The probability mass function of the average of $n$ independent Poisson random variables can be written down explicitly, though the answer might not help you very much. As Michael Chernick noted in comments on his own answer, the sum $\sum_i X_i$ of independent Poisson random variables $X_i$ with respective parameters $\lambda_i$ is a Poisson random variable with parameter $\lambda = \sum_i \lambda_i$. Hence,

$$P\left\{ \sum_{i=1}^n X_i= k\right\} = \exp(-\lambda)\frac{\lambda^k}{k!}, ~~ k = 0, 1, 2, \ldots,$$ Thus, $\hat{Y} = n^{-1} \sum_{i=1}^n X_i$ is a random variable taking on value $k/n$ with probability $\exp(-\lambda)\frac{\lambda^k}{k!}$. Note that $\hat{Y}$ is not an integer-valued random variable (though it does take on uniformly-spaced rational values). It follows easily that $Y = \lfloor \hat{Y} \rfloor$ is an integer-valued random variable taking on value $m$ with probability $$P\{Y = m\} = P\left\{\left\lfloor \frac{1}{n}\sum_{i=1}^n X_i \right\rfloor = m\right\} = \exp(-\lambda)\sum_{i=0}^{n-1}\frac{\lambda^{mn+i}}{(mn+i)!}, ~~ m = 0, 1, 2, \ldots,$$ This is not the probability mass function of a Poisson random variable. Formulas for the mean and variance can be written down using this probability mass function, but they don't obviously lead to nice simple answers in terms of $\lambda$ and $n$. Approximate values can be obtained as pointed out by Henry.
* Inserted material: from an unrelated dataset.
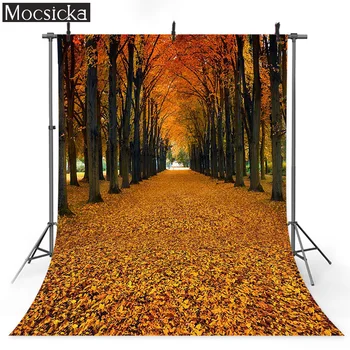 Фонове за есенния фотография Mocsicka, Златни кленови листа, покриващи тротоара, портрет за възрастни, фотографско студио, Photozone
Y will not be Poisson. Note that Poisson random variables take on non negative integer values. Once you divide by a constant you create a random variable that can have non-integer values. It will still have the shape of the Poisson. It is just that the discrete probabilities may occur at non-integer points.